Two entry points cover 90% of integrations.

Registry.load(path) — loads behaviors, presets, and compositions from a directory.

runPipeline(agent, path, params) — orchestrates resolve → validate → compose → assemble and returns a full PipelineResult.

Low-level (granular)

Drop into any pipeline stage to build custom tooling.

resolveBehaviors, resolveParams — expand presets and merge parameters.

validateBehaviors — enforce conflicts, requires, and missing-param checks.

applyCompositionRules — apply pattern-matched rule overrides.

assemblePrompt, assembleHooks, assembleMcpTools — deterministic section sort and dedup.

bundleRenderer, skillRenderer — built-in writers for prompt+hooks+MCP and SKILL.md targets.

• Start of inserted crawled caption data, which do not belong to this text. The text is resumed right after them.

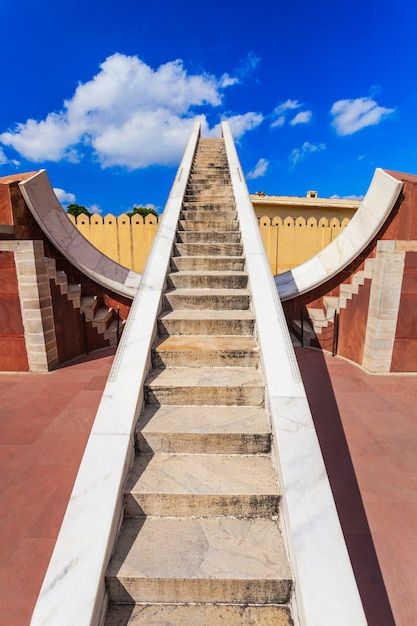 Indian Queen Aesthetic, Jantar Mantar Jaipur, Jantar Mantar, Unusual Buildings, Queen Aesthetic, Indian Architecture, Pic Pose, Incredible India, Premium Photo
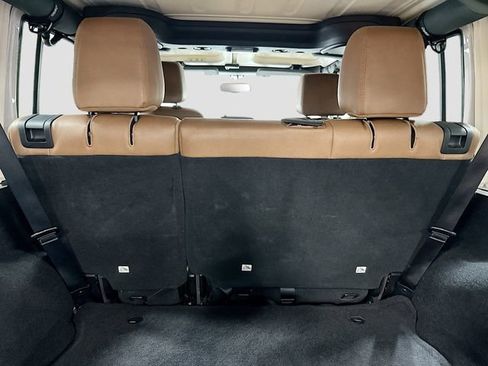 Used 2017 Jeep Wrangler Unlimited Sahara image 26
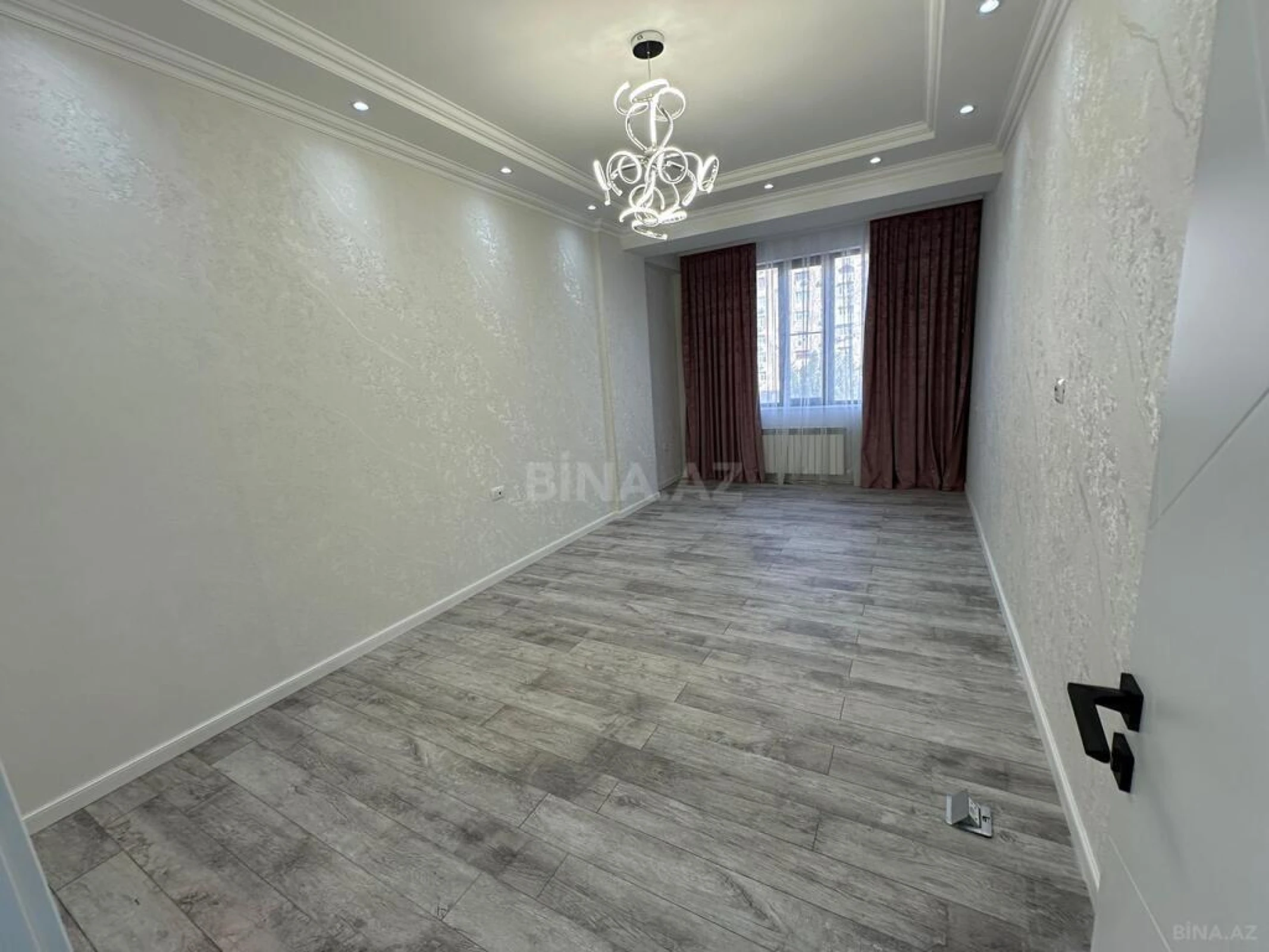 Satılır 3 otaqlı mənzil 134 m²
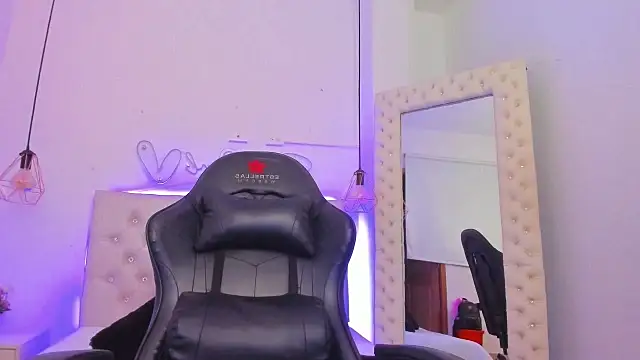 Snapshot of xiomara__cortes chatting on 03-20-25, 10:18 xiomara cortes online show from 03-20-25, 10:18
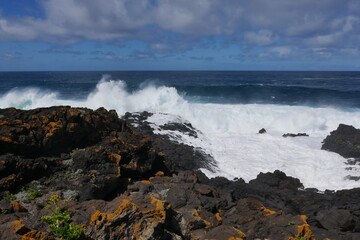 Meeresbrandung mit Fontäne und Gischt an Fels bei Buenavista del Norte auf Teneriffa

Types live in @swoofer/promptweave/types. The pipeline is deterministic — same inputs produce identical PipelineResult.

Roadmap

Where we're going next.

Done

v0.1 — Initial release

Engine + 4 demo behaviors + 2 demo presets. npm package, deterministic output, GH Pages landing.

In Progress

v0.2 — Stabilization

Better validation errors, machine-readable validate output, custom output writers, behavior schema versioning.

Planned

v0.3 — Plugin system

Third-party renderers (TOML hooks, INI configs, custom MCP-config dialects). Behaviors stay vendor-agnostic; targets are pluggable.

Future

v1.0 — Cross-catalog imports

Pull a behavior from another package as a dependency. Behavior versioning + lockfile-style resolution for shared catalogs across teams.

Future

Long-term — Declarative agent contracts

A behavior's effective contract — sections it owns, parameters it accepts, hooks it provides — published as a typed schema. Composition errors caught at validate-time, not at runtime.